My bean intake hasn’t bean (hehe) what it should be lately. I rectified this by making Sunday a bean filled extravaganza and what better way to consume a boat load of the things than to make a spread that you can smother on toast, pitta, crackers or in my case, because it’s all I had, rice cakes. I served them alongside a huge bowl of carrot and butterbean soup, which should cover my bean quota for the day.

This is soooooo incredibly easy but very satisfying. If you are bored of hummus, sick of guacamole then this could be a welcome alternative. Cannellini beans are very mild in flavour and have an exquisitely creamy texture that makes them ideal for dips or spreads. You could make this more dip like by adding more water but I was after a thicker consistency, something that I could heap on top of my virtuous rice cake.

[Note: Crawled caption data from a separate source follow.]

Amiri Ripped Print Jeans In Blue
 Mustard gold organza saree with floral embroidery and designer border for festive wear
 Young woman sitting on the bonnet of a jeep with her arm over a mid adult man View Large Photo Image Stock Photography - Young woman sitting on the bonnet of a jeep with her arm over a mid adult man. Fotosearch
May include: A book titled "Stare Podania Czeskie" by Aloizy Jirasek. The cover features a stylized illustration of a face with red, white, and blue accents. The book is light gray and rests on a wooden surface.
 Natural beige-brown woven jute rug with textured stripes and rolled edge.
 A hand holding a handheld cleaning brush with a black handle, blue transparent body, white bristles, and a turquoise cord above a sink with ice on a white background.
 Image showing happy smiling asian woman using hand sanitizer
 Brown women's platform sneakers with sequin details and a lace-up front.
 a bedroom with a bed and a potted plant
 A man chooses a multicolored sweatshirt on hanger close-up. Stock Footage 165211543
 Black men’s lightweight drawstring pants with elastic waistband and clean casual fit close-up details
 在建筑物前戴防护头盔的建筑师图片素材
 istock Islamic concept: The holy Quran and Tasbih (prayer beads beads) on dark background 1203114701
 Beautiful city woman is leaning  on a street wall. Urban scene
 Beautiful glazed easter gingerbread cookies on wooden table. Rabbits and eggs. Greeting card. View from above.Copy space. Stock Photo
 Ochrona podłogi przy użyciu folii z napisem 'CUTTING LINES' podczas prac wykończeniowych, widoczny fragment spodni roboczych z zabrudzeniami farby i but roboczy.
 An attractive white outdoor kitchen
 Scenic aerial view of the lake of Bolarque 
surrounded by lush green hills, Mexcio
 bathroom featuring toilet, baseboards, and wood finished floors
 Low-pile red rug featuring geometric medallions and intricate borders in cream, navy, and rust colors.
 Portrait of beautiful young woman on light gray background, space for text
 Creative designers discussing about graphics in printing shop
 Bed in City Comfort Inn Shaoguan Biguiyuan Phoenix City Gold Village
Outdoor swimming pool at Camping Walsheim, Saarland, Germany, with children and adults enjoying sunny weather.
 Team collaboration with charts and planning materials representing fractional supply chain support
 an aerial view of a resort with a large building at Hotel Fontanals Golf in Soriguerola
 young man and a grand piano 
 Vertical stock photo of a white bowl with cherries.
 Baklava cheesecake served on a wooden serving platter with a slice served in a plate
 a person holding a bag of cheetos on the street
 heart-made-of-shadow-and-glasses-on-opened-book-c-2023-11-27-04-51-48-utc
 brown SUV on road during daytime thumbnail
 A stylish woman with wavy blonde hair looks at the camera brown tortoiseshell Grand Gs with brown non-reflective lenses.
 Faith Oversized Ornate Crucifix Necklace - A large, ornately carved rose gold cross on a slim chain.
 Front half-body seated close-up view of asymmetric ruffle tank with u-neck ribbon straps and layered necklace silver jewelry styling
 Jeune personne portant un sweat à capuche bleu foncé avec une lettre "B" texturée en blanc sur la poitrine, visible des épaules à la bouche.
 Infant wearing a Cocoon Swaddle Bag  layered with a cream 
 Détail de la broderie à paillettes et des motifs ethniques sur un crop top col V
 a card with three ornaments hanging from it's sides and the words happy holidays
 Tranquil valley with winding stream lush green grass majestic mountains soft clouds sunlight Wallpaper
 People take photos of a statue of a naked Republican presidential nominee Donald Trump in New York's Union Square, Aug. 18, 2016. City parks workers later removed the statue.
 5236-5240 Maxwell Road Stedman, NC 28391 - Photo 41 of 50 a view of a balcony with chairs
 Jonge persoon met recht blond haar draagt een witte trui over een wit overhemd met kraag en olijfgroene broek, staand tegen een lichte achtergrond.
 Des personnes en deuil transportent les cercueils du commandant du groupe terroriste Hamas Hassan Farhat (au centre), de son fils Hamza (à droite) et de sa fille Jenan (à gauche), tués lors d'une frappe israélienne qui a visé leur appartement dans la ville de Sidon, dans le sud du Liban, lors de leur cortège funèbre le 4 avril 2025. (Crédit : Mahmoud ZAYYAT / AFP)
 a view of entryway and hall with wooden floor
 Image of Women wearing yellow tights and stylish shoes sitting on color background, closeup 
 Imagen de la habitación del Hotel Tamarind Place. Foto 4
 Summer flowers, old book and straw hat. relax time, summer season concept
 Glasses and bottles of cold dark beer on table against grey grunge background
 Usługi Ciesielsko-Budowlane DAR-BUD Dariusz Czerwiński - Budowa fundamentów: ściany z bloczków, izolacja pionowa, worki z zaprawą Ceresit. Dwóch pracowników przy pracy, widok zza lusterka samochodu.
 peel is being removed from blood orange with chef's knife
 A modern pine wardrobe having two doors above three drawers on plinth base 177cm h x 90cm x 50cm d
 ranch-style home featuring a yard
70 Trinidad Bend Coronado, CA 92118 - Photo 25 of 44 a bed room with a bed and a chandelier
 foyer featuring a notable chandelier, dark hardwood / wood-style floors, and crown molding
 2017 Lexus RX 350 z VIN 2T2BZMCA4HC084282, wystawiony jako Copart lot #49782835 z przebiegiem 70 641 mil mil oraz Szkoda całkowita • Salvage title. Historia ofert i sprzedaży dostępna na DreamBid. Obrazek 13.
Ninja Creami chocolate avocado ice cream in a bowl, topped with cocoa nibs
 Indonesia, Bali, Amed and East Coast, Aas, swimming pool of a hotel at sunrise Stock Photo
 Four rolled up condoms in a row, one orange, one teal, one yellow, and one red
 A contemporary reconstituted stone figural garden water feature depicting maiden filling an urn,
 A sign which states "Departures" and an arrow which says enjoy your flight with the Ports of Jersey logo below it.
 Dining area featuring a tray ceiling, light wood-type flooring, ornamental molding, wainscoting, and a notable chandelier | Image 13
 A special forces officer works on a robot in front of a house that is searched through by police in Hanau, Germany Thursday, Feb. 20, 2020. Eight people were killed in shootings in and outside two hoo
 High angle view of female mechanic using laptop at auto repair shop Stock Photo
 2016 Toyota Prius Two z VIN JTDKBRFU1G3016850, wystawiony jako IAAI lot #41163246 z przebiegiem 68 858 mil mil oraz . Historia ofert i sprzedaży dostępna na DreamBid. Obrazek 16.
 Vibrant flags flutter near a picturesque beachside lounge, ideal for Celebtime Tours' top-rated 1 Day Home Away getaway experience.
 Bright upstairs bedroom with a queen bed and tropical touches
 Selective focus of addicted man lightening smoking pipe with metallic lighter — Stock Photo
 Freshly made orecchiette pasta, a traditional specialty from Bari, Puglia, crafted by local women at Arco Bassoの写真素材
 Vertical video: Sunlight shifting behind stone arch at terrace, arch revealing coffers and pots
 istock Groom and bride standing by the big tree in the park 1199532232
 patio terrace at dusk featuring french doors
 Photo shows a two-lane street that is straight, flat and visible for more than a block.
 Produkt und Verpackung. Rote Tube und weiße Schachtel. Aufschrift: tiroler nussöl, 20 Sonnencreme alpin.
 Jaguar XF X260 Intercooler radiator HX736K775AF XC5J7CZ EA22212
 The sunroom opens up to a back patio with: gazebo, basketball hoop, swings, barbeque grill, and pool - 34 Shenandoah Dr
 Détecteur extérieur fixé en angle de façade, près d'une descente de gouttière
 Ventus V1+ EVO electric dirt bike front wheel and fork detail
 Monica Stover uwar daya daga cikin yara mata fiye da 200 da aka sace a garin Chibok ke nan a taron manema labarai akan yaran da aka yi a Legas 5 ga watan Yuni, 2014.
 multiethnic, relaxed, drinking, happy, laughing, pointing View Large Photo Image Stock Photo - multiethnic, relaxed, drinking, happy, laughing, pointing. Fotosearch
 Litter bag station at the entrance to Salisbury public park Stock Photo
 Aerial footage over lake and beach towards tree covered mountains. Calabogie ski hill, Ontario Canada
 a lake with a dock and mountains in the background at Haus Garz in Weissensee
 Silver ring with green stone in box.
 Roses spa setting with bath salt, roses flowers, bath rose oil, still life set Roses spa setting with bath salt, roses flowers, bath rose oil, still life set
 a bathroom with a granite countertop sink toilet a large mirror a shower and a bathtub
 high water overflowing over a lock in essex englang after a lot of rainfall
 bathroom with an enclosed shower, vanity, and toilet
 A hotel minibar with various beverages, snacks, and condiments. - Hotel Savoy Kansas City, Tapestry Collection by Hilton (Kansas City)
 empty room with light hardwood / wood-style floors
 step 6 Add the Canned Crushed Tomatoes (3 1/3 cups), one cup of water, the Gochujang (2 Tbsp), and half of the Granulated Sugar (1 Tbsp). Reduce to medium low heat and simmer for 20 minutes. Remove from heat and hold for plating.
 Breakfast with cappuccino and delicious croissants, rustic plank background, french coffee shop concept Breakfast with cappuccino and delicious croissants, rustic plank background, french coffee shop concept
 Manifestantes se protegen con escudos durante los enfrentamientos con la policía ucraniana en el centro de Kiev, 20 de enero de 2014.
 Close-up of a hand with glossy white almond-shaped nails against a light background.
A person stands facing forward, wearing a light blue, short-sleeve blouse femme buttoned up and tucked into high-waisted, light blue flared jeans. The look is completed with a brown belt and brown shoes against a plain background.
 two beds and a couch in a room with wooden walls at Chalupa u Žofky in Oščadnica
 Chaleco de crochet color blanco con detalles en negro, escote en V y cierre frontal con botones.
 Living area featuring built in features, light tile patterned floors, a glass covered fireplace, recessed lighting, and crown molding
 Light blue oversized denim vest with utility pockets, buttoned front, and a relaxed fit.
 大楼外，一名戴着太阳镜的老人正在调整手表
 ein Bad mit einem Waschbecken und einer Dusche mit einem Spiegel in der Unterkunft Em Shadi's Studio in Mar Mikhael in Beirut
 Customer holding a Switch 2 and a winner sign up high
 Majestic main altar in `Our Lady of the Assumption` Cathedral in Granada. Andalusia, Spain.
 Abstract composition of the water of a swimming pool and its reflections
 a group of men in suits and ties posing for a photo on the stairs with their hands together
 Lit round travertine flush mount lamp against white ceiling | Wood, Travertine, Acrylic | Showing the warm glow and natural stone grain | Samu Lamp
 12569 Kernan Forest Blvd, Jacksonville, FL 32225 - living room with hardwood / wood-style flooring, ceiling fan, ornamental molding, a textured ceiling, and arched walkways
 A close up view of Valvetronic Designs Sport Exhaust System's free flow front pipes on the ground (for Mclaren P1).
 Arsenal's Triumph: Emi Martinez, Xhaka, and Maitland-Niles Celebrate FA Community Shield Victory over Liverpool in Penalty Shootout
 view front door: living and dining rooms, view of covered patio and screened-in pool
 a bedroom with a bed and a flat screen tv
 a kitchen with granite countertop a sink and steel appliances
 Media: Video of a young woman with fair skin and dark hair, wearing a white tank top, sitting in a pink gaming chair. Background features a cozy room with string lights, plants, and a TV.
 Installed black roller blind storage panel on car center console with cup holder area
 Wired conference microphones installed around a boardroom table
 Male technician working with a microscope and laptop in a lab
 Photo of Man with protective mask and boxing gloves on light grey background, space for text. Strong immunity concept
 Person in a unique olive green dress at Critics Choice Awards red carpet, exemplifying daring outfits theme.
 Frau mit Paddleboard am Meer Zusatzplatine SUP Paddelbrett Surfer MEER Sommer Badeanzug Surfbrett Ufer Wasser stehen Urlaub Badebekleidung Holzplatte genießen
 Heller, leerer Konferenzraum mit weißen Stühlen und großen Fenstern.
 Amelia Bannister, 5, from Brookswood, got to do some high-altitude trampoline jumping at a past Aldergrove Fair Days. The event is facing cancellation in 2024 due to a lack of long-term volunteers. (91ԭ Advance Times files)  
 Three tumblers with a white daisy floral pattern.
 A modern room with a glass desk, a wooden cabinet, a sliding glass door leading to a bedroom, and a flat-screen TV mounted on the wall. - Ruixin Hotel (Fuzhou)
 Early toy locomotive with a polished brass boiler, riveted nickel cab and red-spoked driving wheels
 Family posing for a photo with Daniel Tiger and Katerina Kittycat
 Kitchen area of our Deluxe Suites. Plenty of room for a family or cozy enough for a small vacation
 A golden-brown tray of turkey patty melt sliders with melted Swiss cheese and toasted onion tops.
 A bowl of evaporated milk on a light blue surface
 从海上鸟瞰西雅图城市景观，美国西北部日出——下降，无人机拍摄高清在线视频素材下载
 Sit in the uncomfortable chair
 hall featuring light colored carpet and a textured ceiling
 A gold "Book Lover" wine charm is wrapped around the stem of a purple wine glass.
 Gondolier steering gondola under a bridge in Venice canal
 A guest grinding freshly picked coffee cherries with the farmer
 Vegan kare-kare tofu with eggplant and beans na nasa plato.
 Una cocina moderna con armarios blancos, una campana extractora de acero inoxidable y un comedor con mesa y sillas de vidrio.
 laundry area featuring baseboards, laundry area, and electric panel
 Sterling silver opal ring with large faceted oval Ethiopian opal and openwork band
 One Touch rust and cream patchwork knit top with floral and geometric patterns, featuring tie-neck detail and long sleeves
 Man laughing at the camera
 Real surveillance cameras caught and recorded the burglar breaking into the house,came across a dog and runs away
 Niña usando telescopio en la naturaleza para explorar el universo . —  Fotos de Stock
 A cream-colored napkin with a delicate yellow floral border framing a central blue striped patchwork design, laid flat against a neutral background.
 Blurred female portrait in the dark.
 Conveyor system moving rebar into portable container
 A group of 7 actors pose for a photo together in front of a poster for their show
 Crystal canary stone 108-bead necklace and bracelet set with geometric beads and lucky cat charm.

The extra virgin olive oil and oregano added to the vague Italian theme but I couldn’t help but feel that a little truffle oil would’ve helped matters considerably but seeing as I am not currently in possession of all my pantry goodies the evoo had to do. I didn’t excessively salt the spread because I knew I was going to top my rice cakes with gherkins (pickles), which are quite salty in themselves but if you are having this as a stand alone dish I wouldn’t scrimp on the salt or indeed freshly ground pepper.

You could pop the whole lot into a food processor and be done with it but there really is no need as the beans mash very easily with a fork. Don’t be afraid to use the dried oregano liberally, it enhances the dish greatly and the aroma is seriously divine.

And that is that. Cannellini Bean Spread. It’s barely even a recipe!

cannellini bean spread

400g organic cannellini beans

sea salt

freshly ground black pepper

dried oregano

extra virgin olive oil

water

Drain and rinse the cannellini beans. Transfer to a bowl. Mash with the back of a fork. Season with salt and pepper. Give it a further mashing ensuring there are no lumps.

Drizzle over a little extra virgin olive oil – a tablespoon or so – and generously sprinkle in the oregano. Mix thoroughly before altering consistency to your taste with some water.

When adding water do so a little add a time – a teaspoon to err on the side of caution. In total I only added about a tablespoon of water, just enough to loosen the mixture. Taste, season if necessary and add a bit more oregano if you wish.

Transfer to a small bowl, drizzle over a smidge more evoo and a last sprinkling of oregano.

Spread on toast, pitta, crackers or rice cakes. Also delicious in sandwiches or alternatively heat through for an excellent cannellini bean mash, which can accompany a whole host of dishes.